Michael Billington, The Guardian

★★★★

"If the show sharpens, through Bobbie, the dilemma facing the semi-detached woman, it also offers a hauntingly ambivalent study of marriage. You see that in one of Sondheim's finest numbers, "Sorry-Grateful", in which three married men express the constant tug between security and freedom: "You're scared she's starting to drift away – and scared she'll stay." And it's a sign of the show's complex structure that the same idea is reprised to comic effect in "Barcelona" where Bobbie is similarly torn over a one-night stand with a not-so-bright flight attendant.

"The key idea behind Elliott's production and Bunny Christie's design is of Bobbie as a modern Alice in Wonderland exploring a set of sliding rooms that expose the foibles of married life. It gives the show a dream-like quality but obscures the implied connection between Manhattan and marriage and cramps Liam Steel's choreography of the swaggering vaudevillian number, "Side By Side By Side"."

Rosalie Craig (Bobbie) and Richard Fleeshman (Andy)
Rosalie Craig (Bobbie) and Richard Fleeshman (Andy)
© Brinkhoff/Moegenburg

Andrzej Lukowski, Time Out

★★★★★

"It's important at this stage to point out that Company is entertaining as hell."

"For starters, its cynical depiction of amoral New Yorkers screwing their own lives up is incredibly funny: Seinfeld years before there was Seinfeld, and with much better songs."

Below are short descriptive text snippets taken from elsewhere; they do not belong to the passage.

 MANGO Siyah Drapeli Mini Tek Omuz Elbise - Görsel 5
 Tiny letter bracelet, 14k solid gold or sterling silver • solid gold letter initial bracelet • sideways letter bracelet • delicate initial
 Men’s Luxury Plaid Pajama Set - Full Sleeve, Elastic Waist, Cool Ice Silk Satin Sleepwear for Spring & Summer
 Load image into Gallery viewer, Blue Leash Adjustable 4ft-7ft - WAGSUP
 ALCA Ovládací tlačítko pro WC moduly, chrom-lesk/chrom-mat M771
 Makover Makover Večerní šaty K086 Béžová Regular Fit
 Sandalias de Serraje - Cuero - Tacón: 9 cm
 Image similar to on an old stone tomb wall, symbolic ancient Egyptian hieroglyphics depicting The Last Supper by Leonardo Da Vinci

"And Elliott has put together a cast to die for. Liam Steel has brilliantly choreographed the ensemble scenes, notably the nightmarish party of "Side by Side by Side". But Company mostly unfolds as a series of small vignettes, each based around a different couple. Former Bake Off doyenne Mel Giedroyc gives a masterclass in the comic possibilities of passive-aggression as Sarah, married to Gavin Spokes's schlubby Harry."

Dominic Maxwell, The Times

★★★★★

"Swiping on her dating app as she surveys prospective partners, hanging out with the five married couples that make up her Manhattan friendship circle, Rosalie Craig's Bobbie is always the odd one out, her red dress a rude contrast to the grey walls of the confined apartments that slide on and off Bunny Christie's set.

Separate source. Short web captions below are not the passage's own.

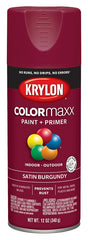 Krylon K05560007 Enamel Spray Paint, 12 oz Can, 25 sq-ft Coverage Area, Acrylic Base, Satin, Burgundy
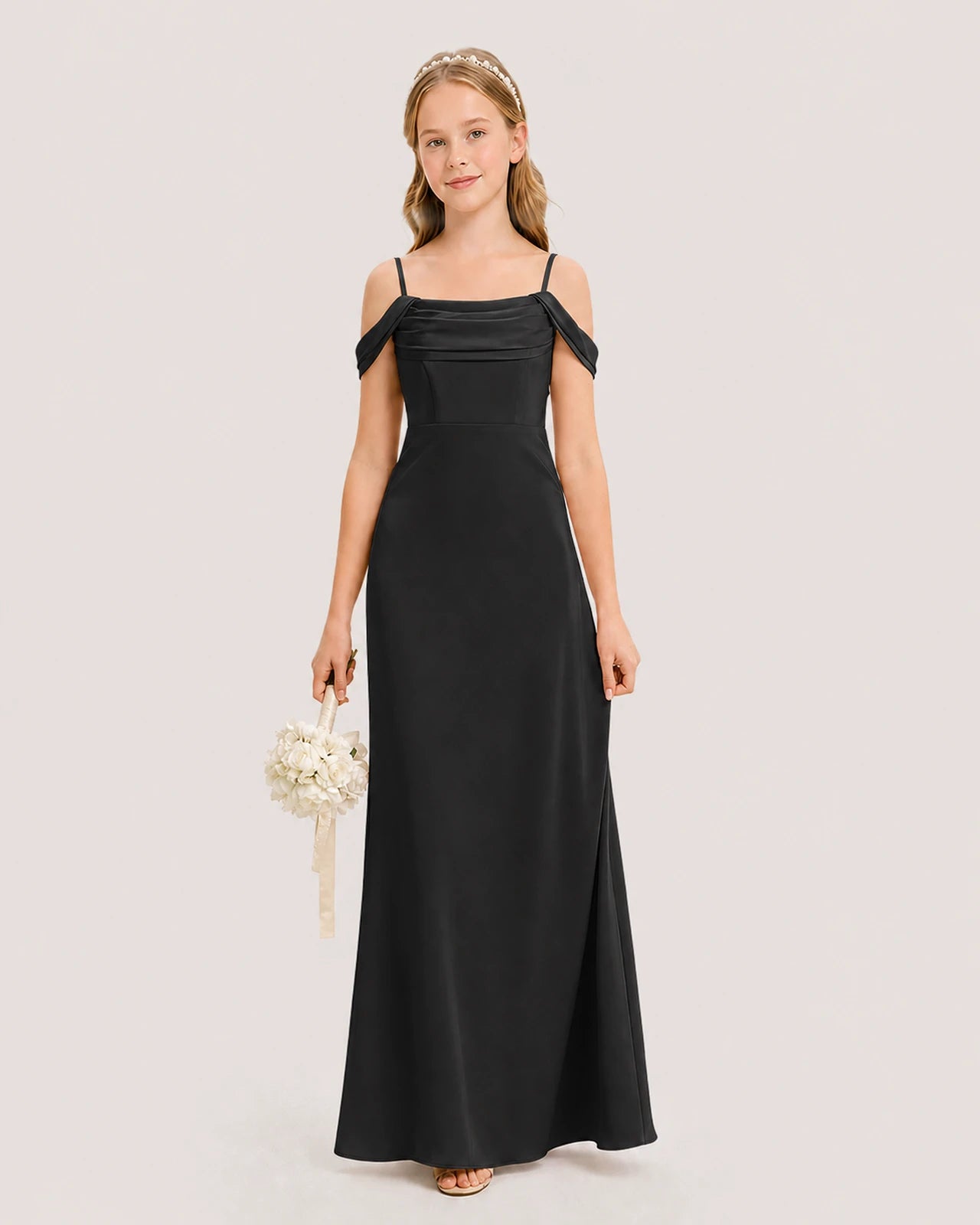 Dideyttawl Off the Shoulder Satin Junior Bridesmaid Dress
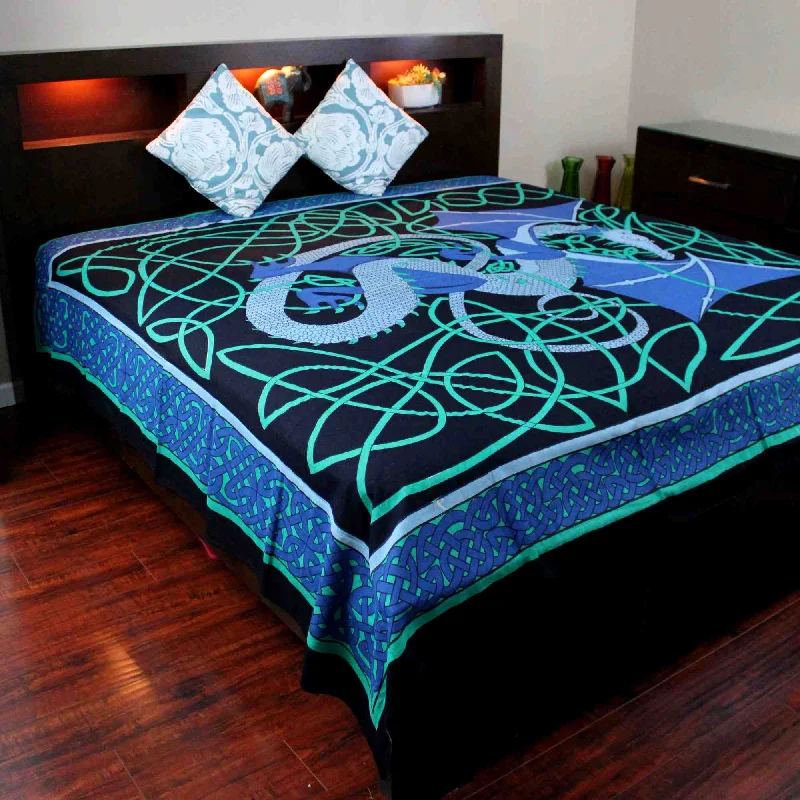 Cotton Celtic Dragon Tablecloth Rectangle Tapestry Sheet Black Blue Green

"Bobbie's three boyfriends — the gorgeous, ditzy airline steward (Richard Fleeshman), the egregiously boho Brit (George Blagden), the nice guy who could have been a keeper but now it's too late (Matthew Seadon-Young) — offer competing flavours of not-quite-right. And, for all the excellence of this British cast, Patti LuPone astounds. A bona fide star lured out of musical-theatre retirement for the role of the jaded Joan, when she eventually gets a tune to herself, "The Ladies Who Lunch", she steals the show."